Image source: ZachXBT ZachXBT warns on Telegram channels that multiple Trust Wallet users reported unauthorized fund transfers within a short time

ZachXBT pointed out that, based on on-chain data, the affected wallets show highly consistent transfer behavior patterns, indicating that this is not due to individual user errors but rather the exploitation of a systemic vulnerability. Abnormal activity concentrated within hours after the extension version 2.68.0 was launched, with highly overlapping timing.

Multi-chain assets flowing out simultaneously, estimated losses reach millions of dollars

According to on-chain records, affected assets span multiple blockchains, including Bitcoin, Ethereum, BNB Chain, and Solana. ZachXBT revealed several addresses suspected of receiving stolen funds, showing that the assets were transferred in a very short time to multiple relay wallets and further split, with transfer structures highly similar across different cases.
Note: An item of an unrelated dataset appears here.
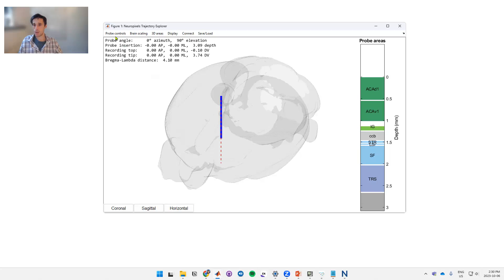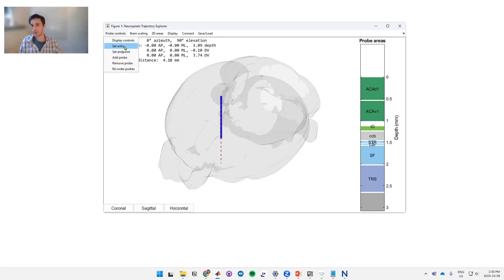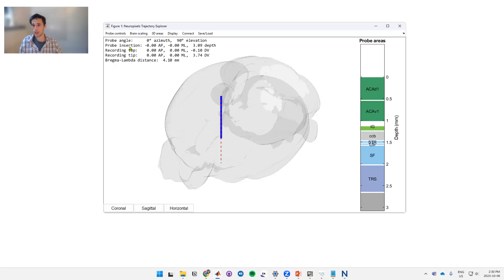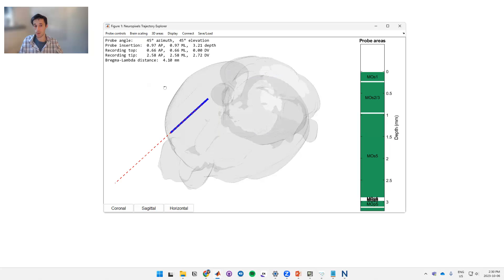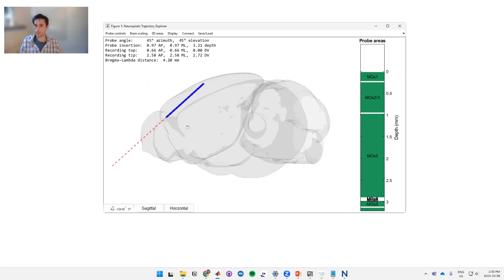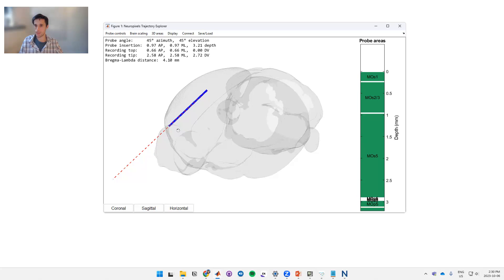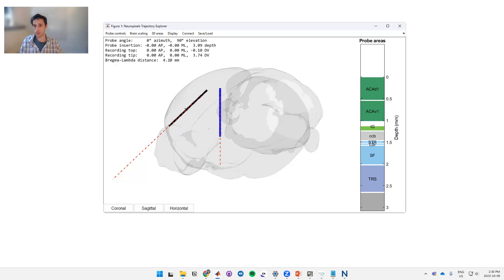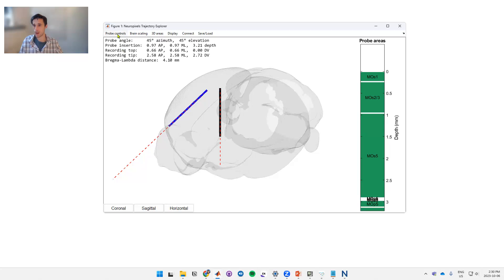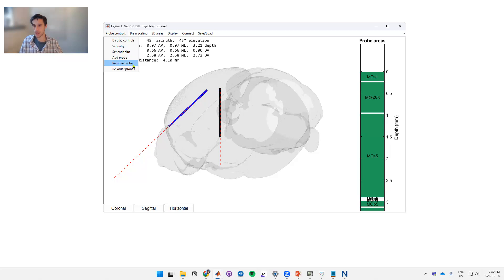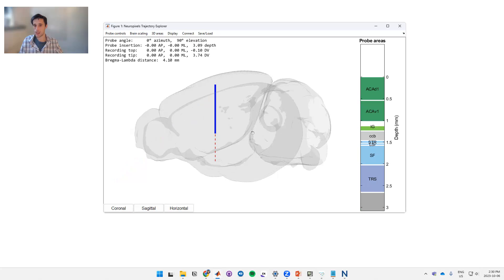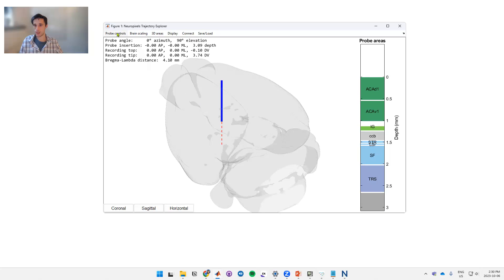I'll take you through the general controls up here and what they all do. First of all, if you hit probe controls then we have a list of options for setting our probes. For example, if we know where our probe is going to go we can hit set entry and we can type in coordinates and it moves the probe to that particular position. We can add and remove probes if we want more than one, so in this case we can add a new probe. If we want to get rid of a probe we can click on it and hit remove. Okay, so these are the general probe controls.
Based on currently available public on-chain data, the confirmed outflow amounts to at least approximately $4.3 million. Some Japanese media and community researchers believe that, if including cases not yet fully disclosed, the total loss could reach up to $6 million, with hundreds of victims. Notably, all transfers were completed instantly, with no small test transactions, indicating that the attackers have a high level of control over the process and vulnerabilities.

Trust Wallet Confirms Security Incident, Limits Impact to Specific Version

Following the incident, Trust Wallet issued an official statement confirming that this security event only affected Chrome browser extension version 2.68 and is not a widespread issue with the overall wallet system or mobile app. The official announced the urgent release of version 2.69 and urged users still using version 2.68 to disable the extension immediately and update.

Image source: X/@TrustWallet Trust Wallet releases official statement confirming that this security incident only affects Chrome extension version 2.68

Trust Wallet emphasized that users on mobile apps and other browser versions are unaffected. The team is currently conducting internal investigations and vulnerability analyses and promises to update the public as more information becomes available. However, so far, the official has not announced any specific compensation plans or fund recovery mechanisms.

Non-custodial wallet risks re-emerge, extension security becomes industry blind spot

Trust Wallet, a non-custodial wallet product under Binance’s ecosystem, promotes a security model where “users control their private keys.” However, this incident highlights that even if private keys do not leave the user’s device, the browser extension itself can still become an attack vector.

Several security researchers pointed out that the browser environment involves third-party components, update mechanisms, and permission management. Once vulnerabilities appear in extension code, they could bypass users’ defenses regarding private key security. ZachXBT also called on platforms to take responsibility and provide compensation if the source of the vulnerability is confirmed to be from official code, otherwise, it could cause long-term damage to the trust in non-custodial wallets.